# humane .. ? or just stupid .. ?



## squirrelboy13 (Dec 29, 2006)

My friend has a DY880 Multi - Pump by Daisy ...it shoots 715 fps with pellets in .177 cal...If he hits squirrels in the head between the eyes and ear from a range of 8 yds. and less shots....will his kills be humane...????

dont yall think the beeman laser pellets will be good for his gun? or the gamo rapters cause they will increase speed?


----------



## ambientflier (Feb 9, 2007)

At that range you could probably throw the pellet at the squirrel and kill it instantly. Yeah, I'd say that a headshot at 8 yards and 750fps is more than humane. Doubt that it matters what pellet you use.


----------



## gray squirrel (Apr 23, 2006)

have him got to the http://www.predatorpellets.com/testimonials.htm


----------



## Remington 7400 (Dec 14, 2005)

You and your buddy do realise how close that 8 yards is?

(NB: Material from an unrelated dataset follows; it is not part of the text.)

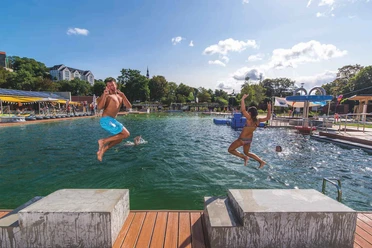 Solewasser-Vitalpark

But to answer your question, yes it will do the job.


----------



## LAtrapper (Feb 5, 2007)

hmmm... you have the distance measured to eight yards... that sounds like the distance from a window to a backyard fence?


----------



## Squirrel_Hunter_Gray (May 5, 2006)

I wouldn't know. I prefer to hunt with a .22 (rifle) but also use a 20 guage shotgun.


----------



## HERSHEY_VOLS_22 (Sep 5, 2006)

Head shots with squirrels from that gun are effective at about 15 maybe 20 yds


----------



## weasle414 (Dec 31, 2006)

I use my pellet gun shooting 700fps on rabbits and squirrels up to 15 yards in my back yard. A well placed shot (head or neck) will easily take them down.


----------



## LAtrapper (Feb 5, 2007)

weasle, do you live in town or in the country?


----------



## weasle414 (Dec 31, 2006)

Town. Why?


----------



## deredden (Mar 27, 2007)

why does everyone care how humane it is to kill an animal? back in the day the romans would kill people for fun and we regard them as the greatest civilization of the ancient world. now the u.s. is the greatest civilization of the modern world and we are afraid we might hurt a little bunny or squirrel? who cares! lets just go hunting for the thrill of the hunt and just enjoy ourselves. we dont need to be so politically correct all the time.


----------



## scottjes000 (Jan 26, 2007)

probably penetration is more inportant than expansion with a low powered airgun so I would use raptors or some lite sharp pellets like daisy sharps they are made of hard lead so they deform less and penetrate further


----------